Emergency Room (ER) doctor Andy Loeb had an ominous feeling as he walked into the packed ER waiting room. Scattered among the usual collection of cuts, broken bones, and respiratory problems were approximately 16 people clustered around the restrooms. Despite their pale appearance and frantic dashes to the restrooms, they were all talking to each other—not a usual behavior for a group of strangers in the ER. Several others held young children.

His discussion with the ER staff revealed some peculiar findings of those 16 people. The majority of complaints and symptoms had been abdominal pain, vomiting, and bloody diarrhea. Most of the adults are just a bit uncomfortable. The kids have it the worst. Four little ones came in around midnight with the same symptoms—only worse. Two are in pediatric intensive care. The other two are already on dialysis.
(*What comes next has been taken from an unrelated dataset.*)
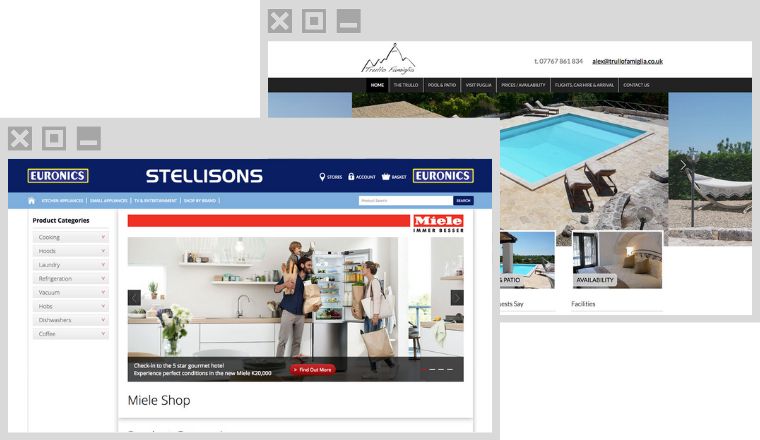 Web Design Haverhill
The physician called the county health department and alerted the epidemiologist. The first patient Andy consulted disclosed that her daughter and at least 10 other neighborhood children had been sick at school and the parents had dismissed it as flu. When Andy returned to the ER staff room, the county epidemiologist was already reviewing chart records.

“Okay, we have 28 patients admitted, all under age 10. Their parents and any older siblings have some intestinal distress, but mild compared to the admissions. The children are all showing symptoms of some kind of hemolytic anemia. There are bruises and small hemorrhages visible in the mucosal lining of the mouth. Red blood cells, hemoglobin, and platelet counts are all way down. And the youngest are beginning to show signs of kidney failure,” stated the epidemiologist.
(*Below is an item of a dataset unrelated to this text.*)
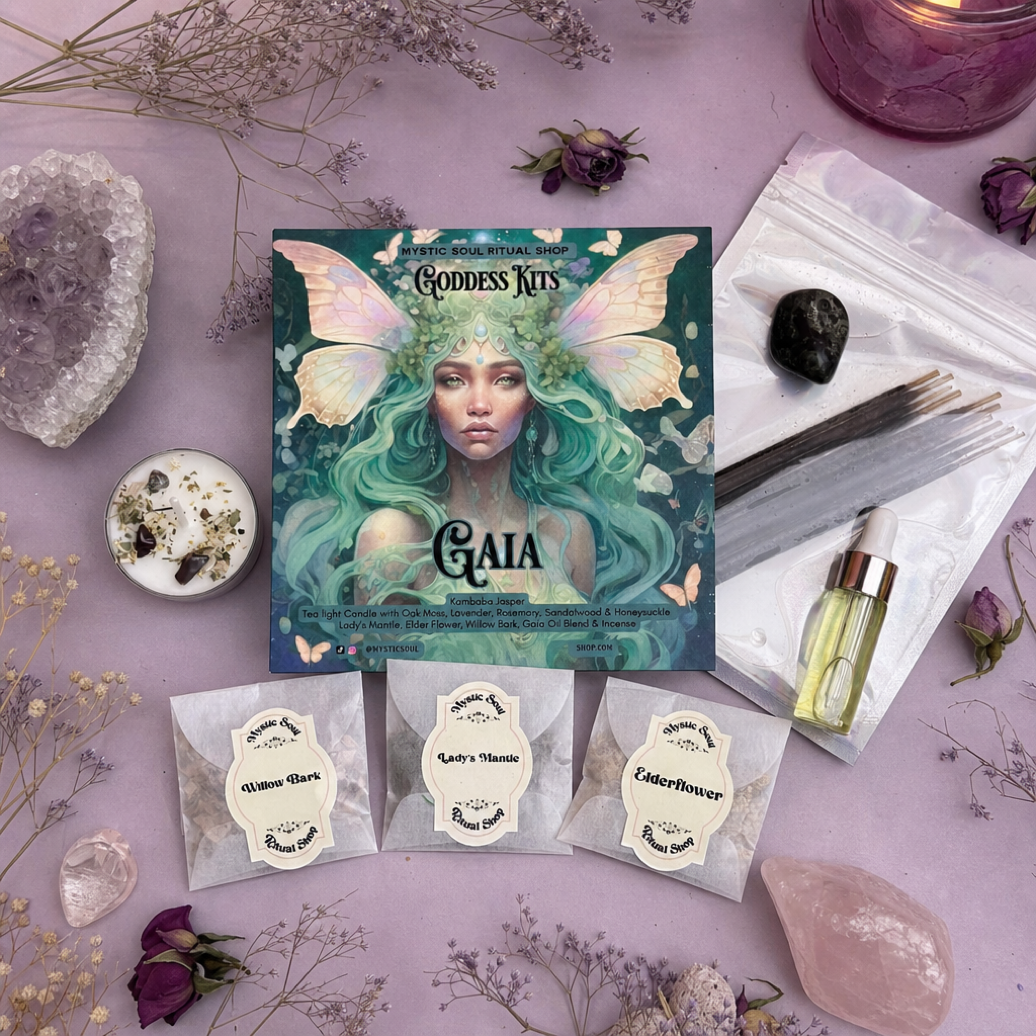 Gaia Goddess Kit – Thorn & Thimble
Initial laboratory (stool and blood samples) demonstrated no major parasites, a few pinworms, but nothing unusual. One screen did find positives for 026:H11, usually associated with enterohemorrhagic E.coli.

1) What is the most common source of contamination with E.coli?

2) Are there molecular or genetic factors to consider with E.coli ?

3) At this point, can you make some preliminary guesses as to the source of the infection?

1) What information should the epidemiologist gather (through communication) from the victims and their families to build support for public health strategies to minimize additional E.coli cases?

2) What are the best approaches in communicating the infection to the sick families?